Direct Care Worker Training and Support Investments

  • $400 million/yr for FY2023-2026 for a grant-based program that would bolster frontline caregivers’ access to economic and educational supports. These grants would go to states and territories, to be spent on things like worker wage subsidies, student loan repayment or tuition assistance for a degree or certification in a relevant field, childcare for eligible workers, and transportation assistance, amongst other approved activities that benefit direct care workers. The bill makes clear that aides working in home health, personal care, and hospice, as well as LPNs and LCSWs, are eligible to receive support under these grants.
    • See the legislative language for this provision HERE
    • See an overview of the provision HERE
  • $1 billion over 10 years for a separate program to support the direct care workforce through renewable three-year grants administered by the Dept of Labor. Grants can be used to invest in strategies to recruit, retain, and advance the direct care workforce; implement models and strategies to make the field of direct care more attractive; and improve wages, including through training and registered apprenticeships, career pathways, or mentoring.
    • See the legislative language for this provision HERE
    • See an overview of the provision HERE
  • $20,000,000 to fund a national technical assistance center through HHS’ Administration for Community Living which will develop and disseminate evidence-based strategies for recruitment, education and training, retention, and career advancement of direct care workers and provide recommendations for activities to further support paid and unpaid family caregivers.
    • See the legislative language for this provision HERE
    • See an overview of the provision HERE

Additional Health Workforce Investments

  • $400 million for the Health Profession Opportunity Grant (HPOG) program, which awards grants to organizations to provide education and training to low-income individuals for occupations in the health care field that are expected to either experience labor shortages or be in high demand.

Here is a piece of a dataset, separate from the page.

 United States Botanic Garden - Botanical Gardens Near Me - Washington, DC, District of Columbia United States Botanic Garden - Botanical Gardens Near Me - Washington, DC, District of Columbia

Home care and home health aides are identified as being HPOG-eligible professions.
    • See the legislative language for this provision HERE
    • See an overview of the provision HERE

Paid Family and Medical Leave

  • Starting in January 2024, all workers would be eligible for up to four weeks of paid leave for new parents, workers dealing with their own serious medical conditions, and workers who need leave to care for a loved one with a serious medical issue. Benefits would be progressive, with lower-income workers receiving higher levels of wage replacement. Wage replacement would be about two-thirds for the average worker.
    • See the legislative language for this provision HERE

Increases in OSHA Fine Amounts

  • Amends the Occupational Safety and Health Act of 1970 to:
    • Increase the maximum penalty to $700,000 for willful and repeat violations (current penalty is $136,532);
    • Increase the minimum penalty to $50,000 for willful violations (current penalty if $9,753);
    • increase the maximum penalty for both serious and failure-to-abate violations to $70,000. (current penalties are $13,653);
  • See the legislative language for these provisions HERE

The bill also includes a number of provisions that would:

  • Expand Medicaid coverage;
  • Lower prescription drug costs;
  • Extend ACA marketplace health plan subsidies;
  • Add hearing coverage to the Medicare program;
  • Invest tens of billions of dollars in bolstering public health infrastructure and training;
  • Boost funding by over $1 billion for Older Americans Act (OAA) programs that support older adults and family caregivers;
  • Provide $40 million in funding for programs to support family caregivers’ mental health and well-being;
  • Provide $500 million in new grant funding to support medical-legal partnerships (programs that integrate patient-centered legal services into health care settings to address their patient and families’ health-related social needs).

Major health and care-related provisions that were not incorporated into the House bill include:

  • A separate tax credit for family caregivers (A NAHC policy priority issue);
  • New Medicare dental and vision benefits.

As negotiations over the legislation move to the Senate, NAHC will continue to advocate for polices that will benefit patients, families and the home-based providers that care for them. We are closely tracking the movement on this massive bill, and will be updating members on relevant developments as they arise. Stay tuned to NAHC Report for updates.

 

Build Back Better Passes the House of Representatives

Here is what it means for NAHC members and their patients The Build Back Better Act, a signature legislative priority for the Biden administration and its allies in Congress, passed the House of Representatives this morning on a party line vote of 220-213. The legislation now heads to the Senate for consideration. The Build Back…

What the Build Back Better Legislation Means for Home Care

The Build Back Better (BBB) plan is a $1.85 trillion social spending package released last week by the House of Representatives and NAHC has analyzed the legislation to see how it will impact our members and the wider home care and hospice community.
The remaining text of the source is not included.